Effects of low testosterone in women
Different terminologies have been offered in Low testosterone clinic Houston, including “Female Androgen Insufficiency Syndrome- FAIS” and “Hypoactive Sexual Disorder- HSDD”
This syndrome or disorder can present with the following
i. Decreased libido, sexual receptivity & pleasure
ii. Low energy and persistent, unexplained fatigue
iii. Dysphoric changes
iv. Diminished psychological well being
v. Blunted motivation
vi. Bone density changes
vii. Muscle mass & strength changes
viii. Fat redistribution
ix. Sexual hair changes
x. Cognitive and memory changes
In a sense, this is very similar to the Androgen Deficiency Androgen Males (ADAM) syndrome. However, unlike in males, testosterone in women is considered to be low if they are less than 20ng/dl, and usually lower than 10ng/dl after oophorectomy. The low testosterone levels exist in the presence of normal estrogen levels. Another caveat to be noted is that women taking oral estrogen tend to have higher levels of testosterone. As such, in women on estrogen, it is preferable to measure free or bioavailable testosterone levels. In general, women produce about 10% of the testosterone that men produce. One of the main sources of androgens in women comes from the adrenals; and is in the form of DHEA with smaller amounts of testosterone coming from the ovaries. DHEA is not stable in the blood, and it is much easier to measure DHEAS. A challenging area in medicine is the definition of normality. Typically, two standard deviations from normal has been defined as normal. Unfortunately, receptor affinity cannot be measured and the concept of relative hypogonadism has been discussed.

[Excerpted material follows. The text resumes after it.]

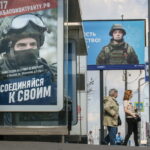 Η Ρωσία ανακοίνωσε ότι οι δυνάμεις της κατέλαβαν το χωριό Κλιστσίιβκα στην ανατολική Ουκρανία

Difficulties with Diagnosis
As in the ADAM, there are significant challenges in making a diagnosis of the FAI syndrome or HSSD. Symptoms can be very non-specific as exemplified in the first case. Many clinical conditions can overlap or present with such symptomatology. Among the common conditions, the following have to be excluded:
i. Clinical depression
ii. Hypothyroidism or hyperthyroidism
iii. Major metabolic or nutritional disorders e.g. anemia
iv. Chronic fatigue syndrome
v. Immunologic diseases e.g. rheumatoid arthritis, systemic lupus erythematosus and HIV-AIDS
vi. Major life stress or relationship problems have to be excluded
vii. Many medications can suppress levels of testosterone levels in women including antiandrogens (e.g. Lupron), corticosteroids, oral contraceptives or oral estrogen replacement therapies.
In considering the etiological of low testosterone, the Princeton Consensus Statement has suggested that there be 5 categories:
i. Is it of ovarian origin? Patients could have had chemotherapy or radiation therapy, both of which can destroy ovarian cells. Alternatively, a surgical operation such as an oophorectomy can remove the source of androgens.
ii. Is it of adrenal origin? As mentioned above, a large source of androgens in women come from the adrenals, and an adrenalectomy or adrenal insufficiency can result in low amounts of androgens. Adrenal insufficiency can result from Addison’s disease or a related immunologic disorder.
iii. Is it of a hypothalamic-pituitary origin? Any insult to the hypothalamic pituitary axis can result in a hypoandrogenic state. Insults could be vascular or tumors, and these have to be excluded.
iv. Could it be secondary to drugs? These include antiandrogens, corticosteroids, oral contraceptives or oral estrogen replacement therapies.
v. Idiopathic- no cause could be identified.